I have a WMP600N Wireless-N PCI with dual-band or some crap. The connections on μTorrent are limited to 64. Would 32 help much?


----------



## AsRock (May 26, 2011)

hellrazor said:


> nVidia has a firewall? The only firewall I have is Windows firewall.



Yes, it was around with the nforce 4 mobo's and when i tried it was just a pain in the butt.

That link not help you ?


----------



## 95Viper (May 26, 2011)

Try LatencyMon to narrow down the problem.
Read this How to Use.

Quote from the How to Use page(it speaks of audio, however, it would apply to anything causing high latency):


Spoiler



High DPC or ISR routine execution times: how to proceed 

 If LatencyMon reports the DPC and ISR execution times to be too high, you should take a look at the responsible drivers. It may be that these drivers belong to a device that is non-critical for the operation of your computer. If for example tcpip.sys or ndis.sys is reported as the culprit, chances are the problems are caused by your wireless network adapter, if you have one. You could consider disabling the WiFi adapter and receive internet via an Ethernet cable. You can disable devices by right-clicking on My Computer and selecting Device Manager, right-clicking a device and selecting disable. You should run LatencyMon again to check if the situation has improved, there might still be another device or driver causing audio latencies. 

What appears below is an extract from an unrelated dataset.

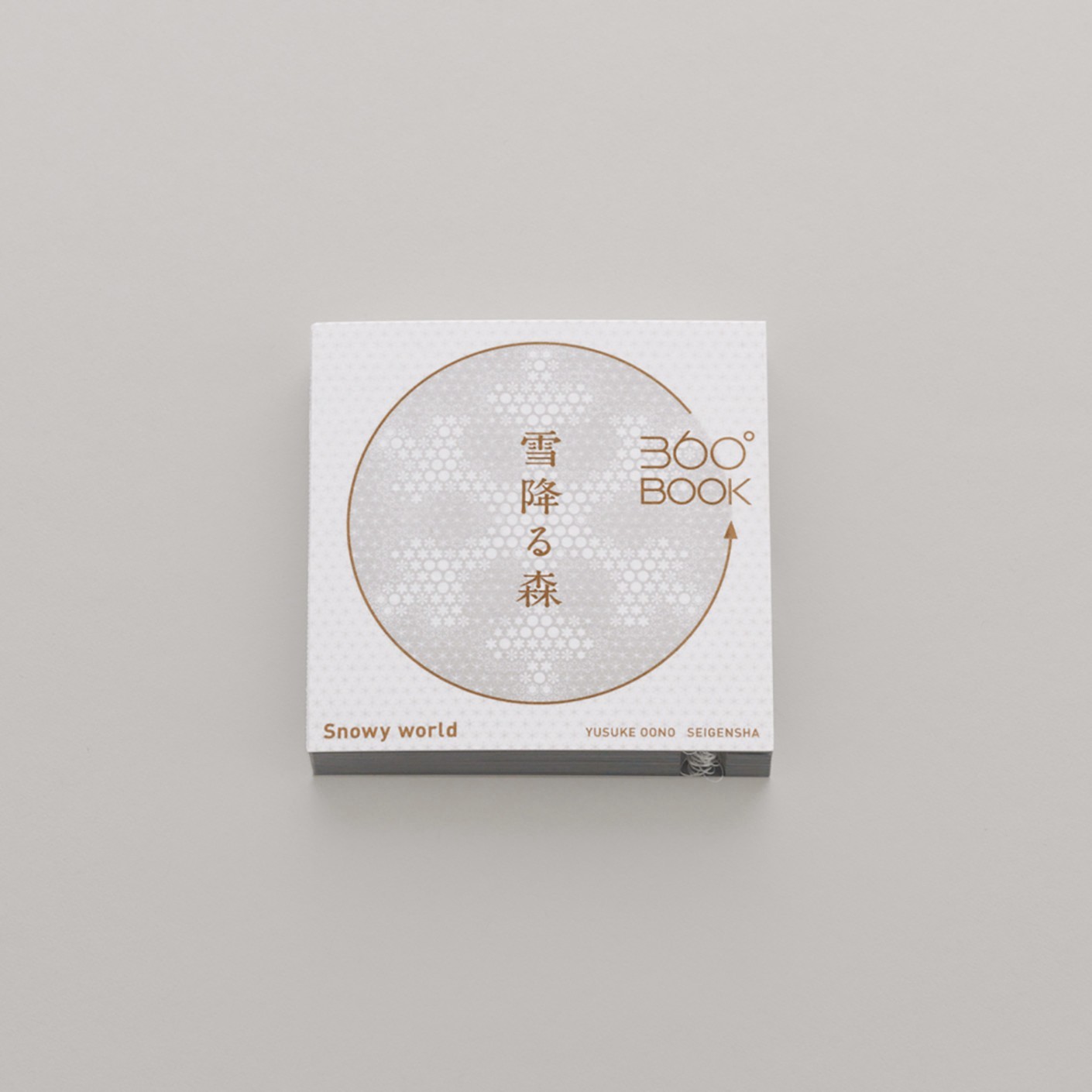 SNOWY WORLD 360°BOOK 3D Gimmick Pop Up Book Yusuke Oono Seigensha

 Note that if high latencies have been reported to be caused by drivers which are critical for the operation of your computer such as motherboard drivers, there may be nothing you can do to get your computer suitable for processing real time audio.



I use this^ and DPC to assist in troubleshooting latency problems.  Plus, a little T&E.

Also try this; in the windows advance power management; set the wireless adapter setting to Maximum Performance and set the PCI Express Link State Power Management to off. 

In Device Manager or your wireless devices configuration utility... turn off any Power management.

Make sure your audio, video, network device, and systems drivers are up to date.


----------



## hellrazor (May 26, 2011)

AsRock said:


> Yes, it was around with the nforce 4 mobo's and when i tried it was just a pain in the butt.
> 
> That link not help you ?



Nah, some crap about nVidia powermizer and I'm on a PC so I have no such crap.

@viper:
I already have latency checkers and whatnot (that's how I know it's NDIS), and I already updated my drivers and power stuff.


----------



## 95Viper (May 26, 2011)

hellrazor said:


> @viper:
> I already have latency checkers and whatnot (that's how I know it's NDIS), and I already updated my drivers and power stuff.




Oh, ok, I did not know.

However, don't put the blame on NDIS.sys, as, it could be the innocent bystander waiting for the light to turn green to cross the road, so to say.

It  probably is waiting for another driver to release the needed resources.



95Viper said:


> Quote from the LatencyMon site:
> If for example tcpip.sys or ndis.sys is reported as the culprit, chances are the problems are caused by your wireless network adapter, if you have one.





95Viper said:


> Plus, a little T&E.


And, you will have to try a little Trial and Error troubleshooting.

One thing to do is connect directly (hard wire) and not through the wireless(disable it), if that is what you are using... then test... same for the sound card, usb devices, etc.

Also, if you have the option  in your bios, you may want to check/set/adjust the pci latency timers to 64 or 128 or whatever; then test... not all bioses have this option and I don't know if the PCI Latency tool works with Windows 7.
After elimination of all possibilities, it still has the latency problem; then, you may have to wait for a fix from the device or system bios updates.

Goodluck


----------



## raboof1 (Mar 28, 2013)

Hi all,

I joined this group specifically to post a solution that worked for me.

First off, brief specs:
  SAGER NP5973 laptop
  Win7 32-bit with 4GB RAM (patched PAE kernel for 4GB memory access)
  NVIDIA Quadro FX1600M
  Intel 4965 AGN wireless adapter

I recently experienced a change in CPU behavior --> running at about 10-15% when IDLE. It turned out to be a high latency issue as detected by LatencyMon, which pointed to NDIS.SYS as the problem.

Long story short - I updated ALL hardware drivers, tried all Googled tricks and got NO result. The only thing that had any effect was to disable the AGN adapter --> then the CPU would drop back to "normal (0 to 1% at IDLE).

Solution: I remembered that I recently updated the NVIDIA drivers for my system. I was running Quadro drivers v195.62 and had upgraded to v311.35. I uninstalled the new driver and ran the Standard VGA adapter -> CPU went to normal (0 to 1% at IDLE). I re-installed the new NVIDIA driver (driver ONLY) and CPU went up to 15% at IDLE! I then re-installed the OLDER v195.62 NVIDIA driver and all went back to normal (0 to 1% at IDLE) ! I don't know why but in *my* case, although things pointed at the AGN drivers as being the problem, it was the combination with the new NVIDIA drivers that was truly at fault.

Some additional notes:
- I am running the latest Intel drivers (Wireless.v15.3.1)
- my system has a built-in Realtek audio device. I found the best version of the HDAC drivers is R2.42 --> the latest version (R2.70) would cause a hang on install.

Hope this helps someone cause it wasted my whole day 

Cheers!


----------



## eidairaman1 (Mar 28, 2013)

Gripe at Intel for the stupid Wireless issue causing an unnecessary load on the machine



raboof1 said:


> Hi all,
> 
> I joined this group specifically to post a solution that worked for me.
> 
> ...


----------